= Beginning of Section =

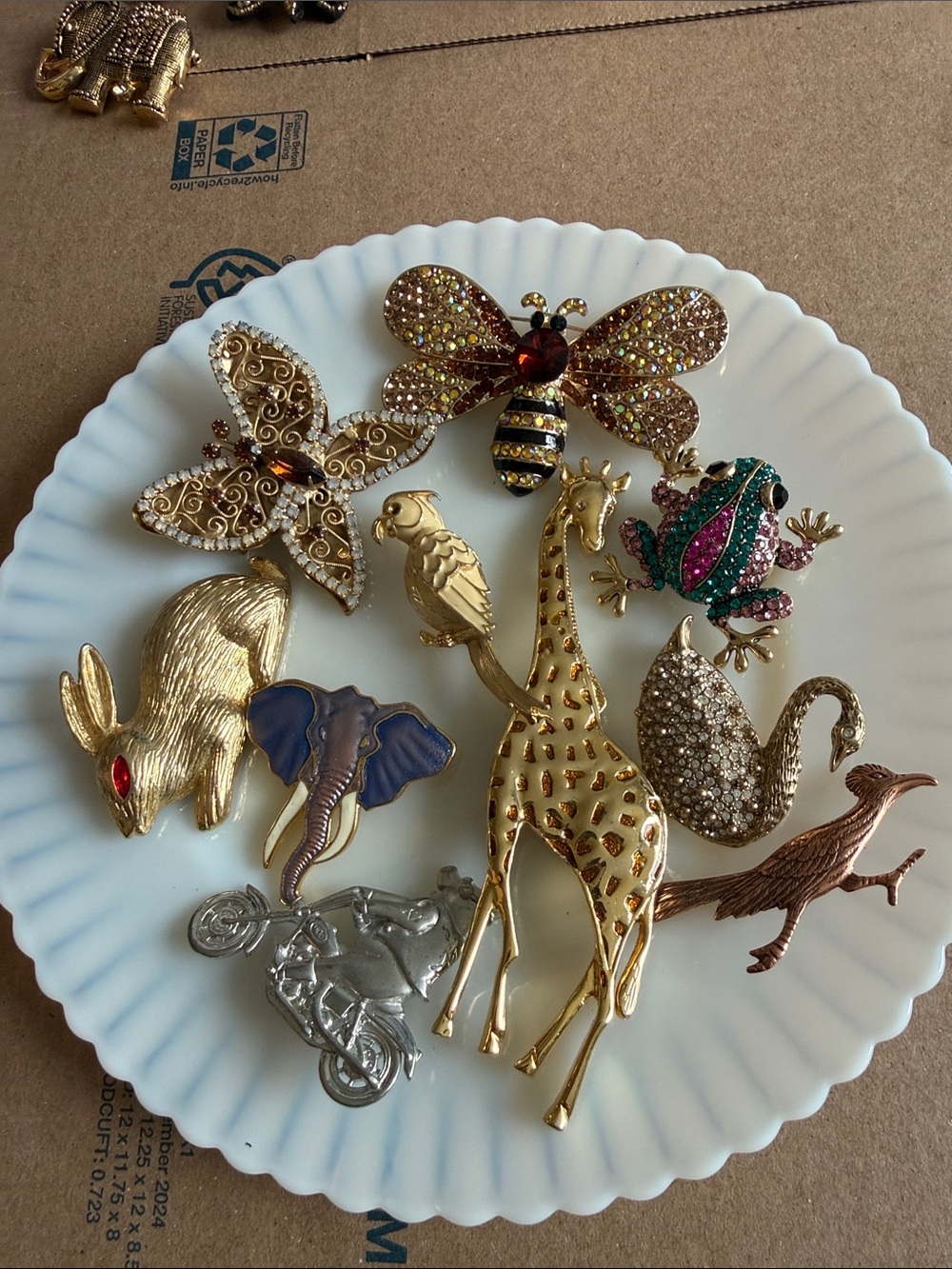 Brooch Tray for 7/4 Live Auction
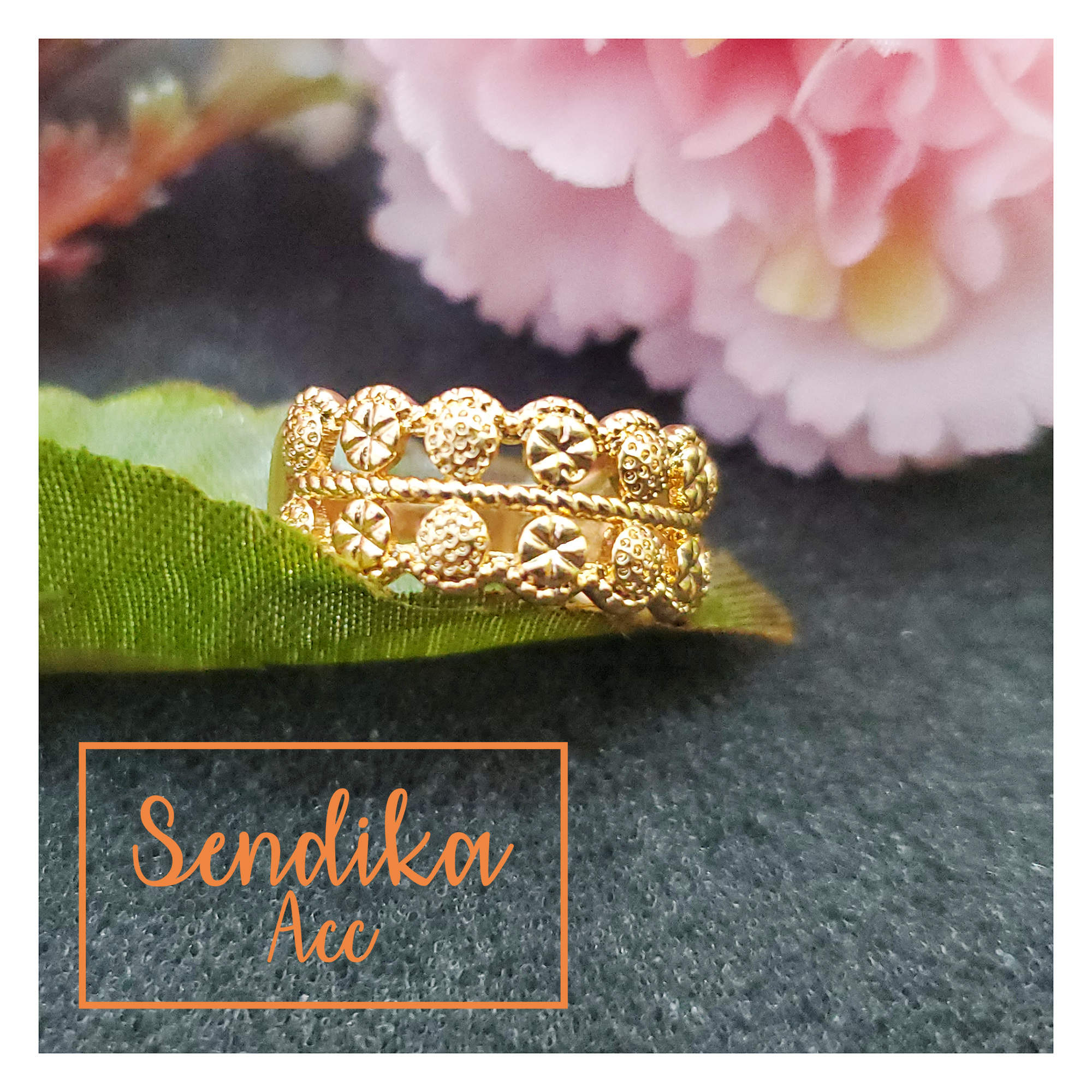 Accessories Wanita Cincin Cantik Dubai 24K Motif Bola Kecil Garis Perhiasan Wanita Accessories Wanita Cincin Cantik Dubai 24K Motif Bola Kecil Garis Perhiasan Wanita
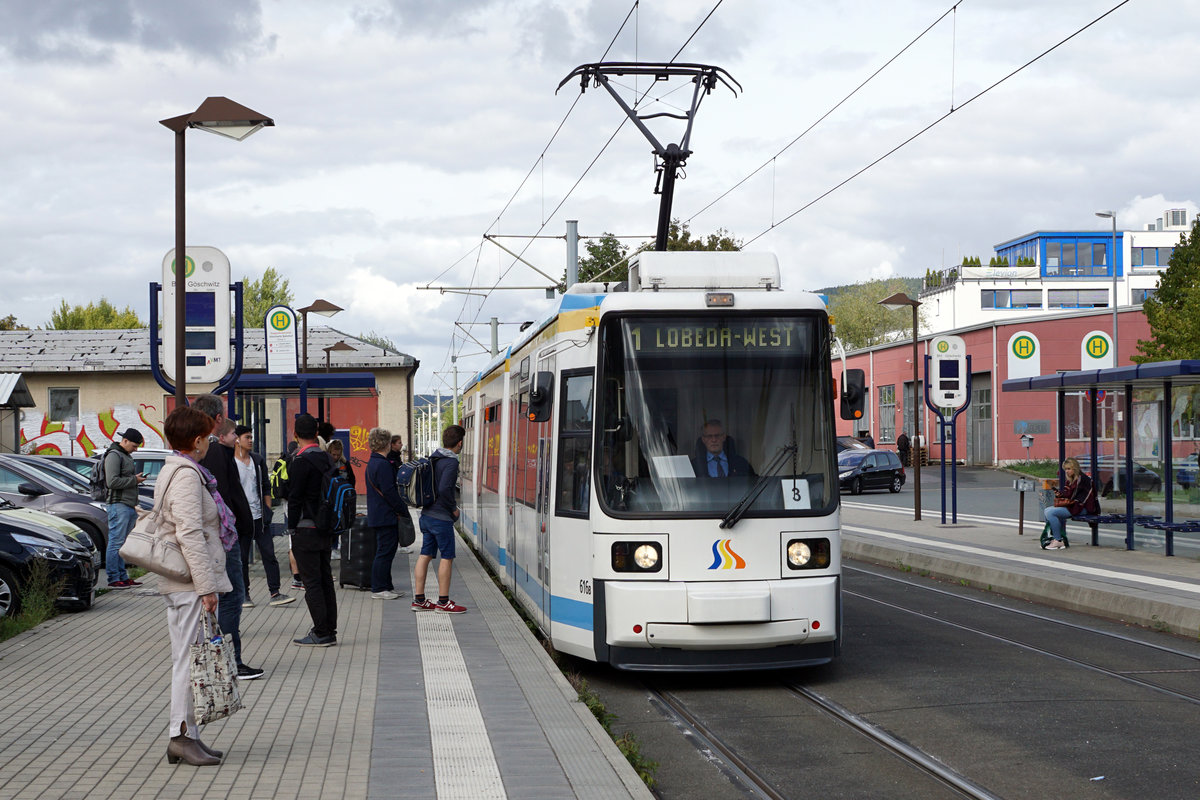 Strassenbahn Jena.
ALT UND NEU -  Bombardier Niederflurwagen GT 6M-ZR und Solaris Tramino bei Jena-Göschwitz am 19. September 2019.
Foto: Walter Ruetsch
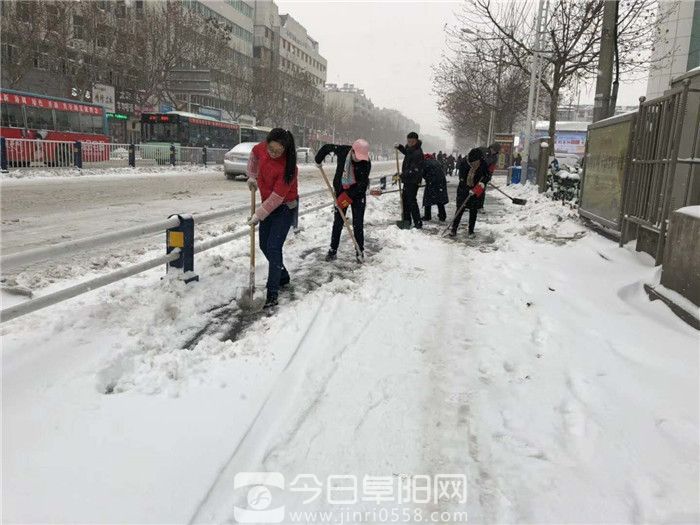 暴雪再袭阜阳 阜阳商厦组织人员清扫道路积雪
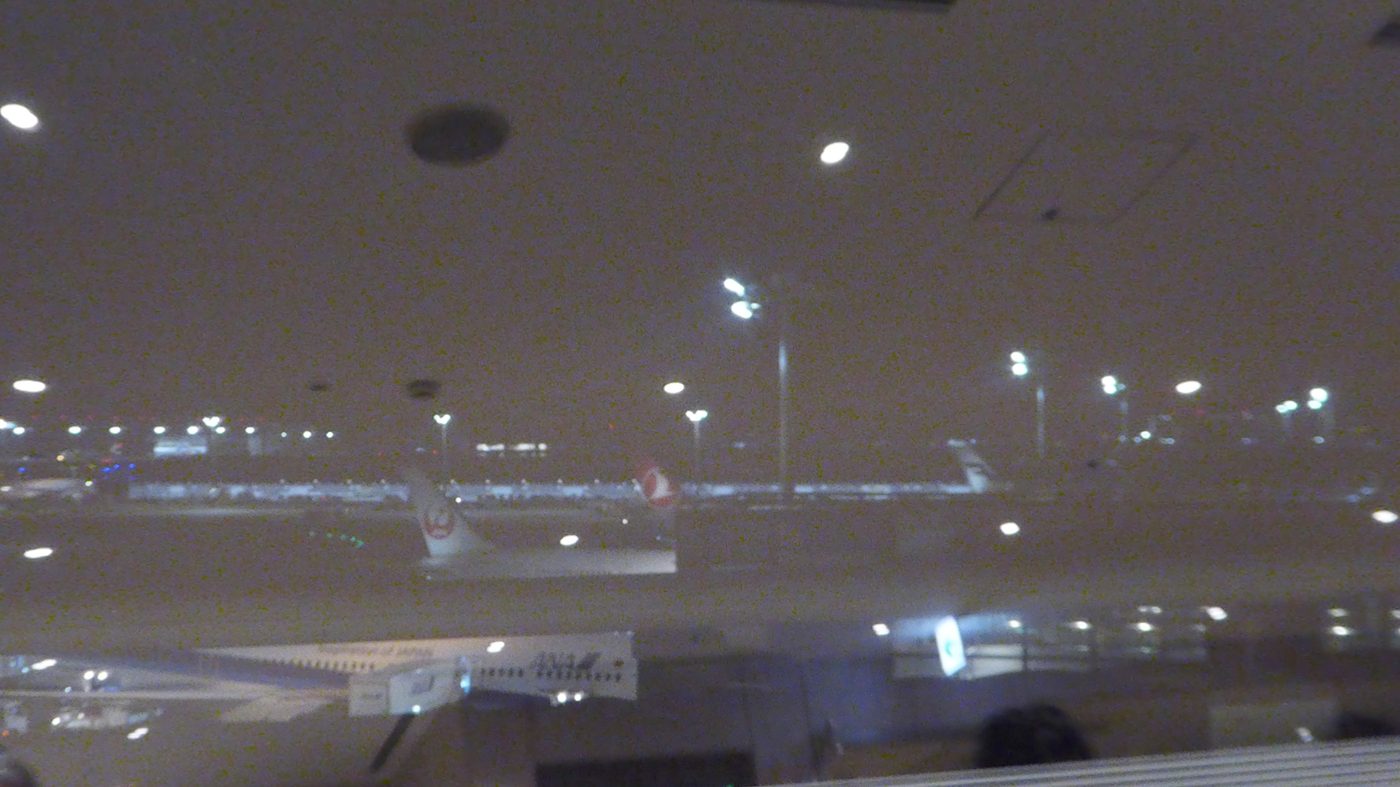 夜の羽田空港、出発を待つ機体
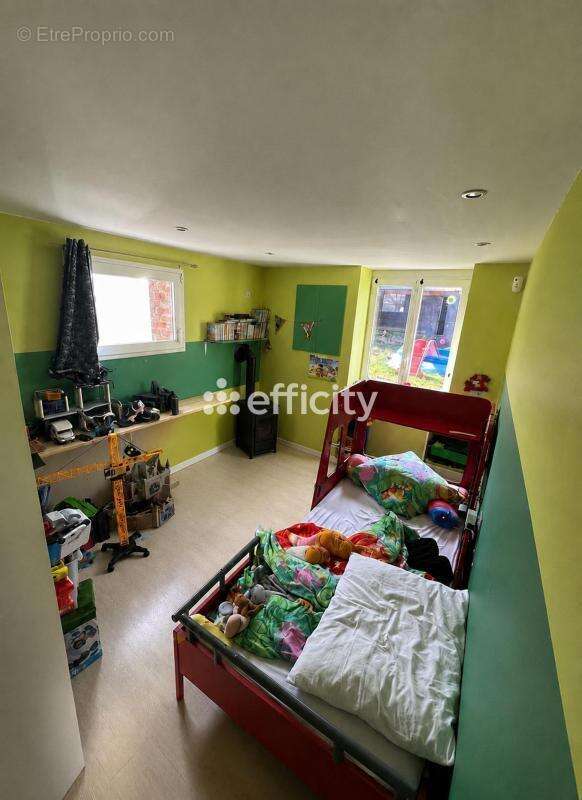 Maison 107 m² à Saulnieres  - photo 9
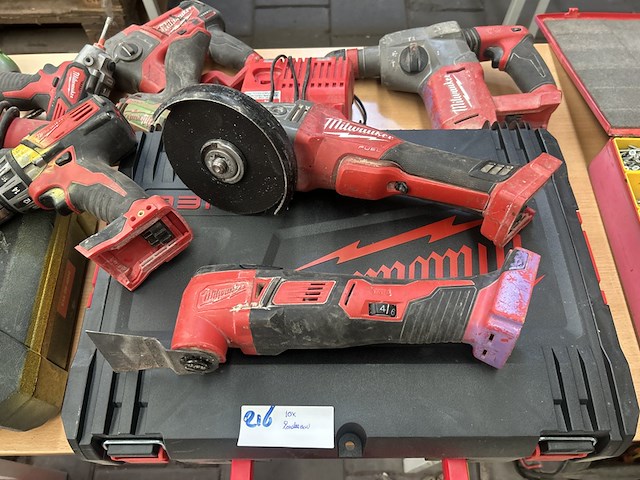 Ca. 10x milwaukee gereedschap - afbeelding 2 van  8
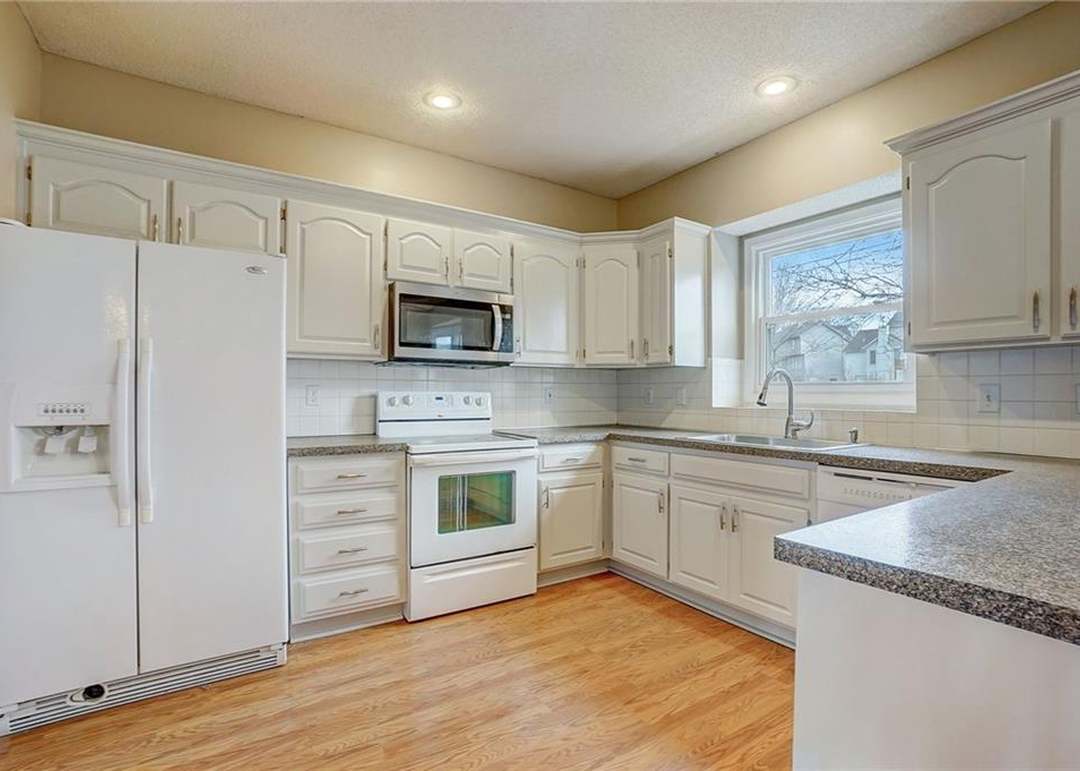 13131 S Summit Street — photo 11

= End of Section =

TRY IT:
The records are to be duplicated in full and exactly, with images left out.

EXERCISE ANSWER:
 Brooch Tray for 7/4 Live Auction
 Accessories Wanita Cincin Cantik Dubai 24K Motif Bola Kecil Garis Perhiasan Wanita Accessories Wanita Cincin Cantik Dubai 24K Motif Bola Kecil Garis Perhiasan Wanita
 Strassenbahn Jena.
ALT UND NEU -  Bombardier Niederflurwagen GT 6M-ZR und Solaris Tramino bei Jena-Göschwitz am 19. September 2019.
Foto: Walter Ruetsch
 暴雪再袭阜阳 阜阳商厦组织人员清扫道路积雪
 夜の羽田空港、出発を待つ機体
 Maison 107 m² à Saulnieres  - photo 9
 Ca. 10x milwaukee gereedschap - afbeelding 2 van  8
 13131 S Summit Street — photo 11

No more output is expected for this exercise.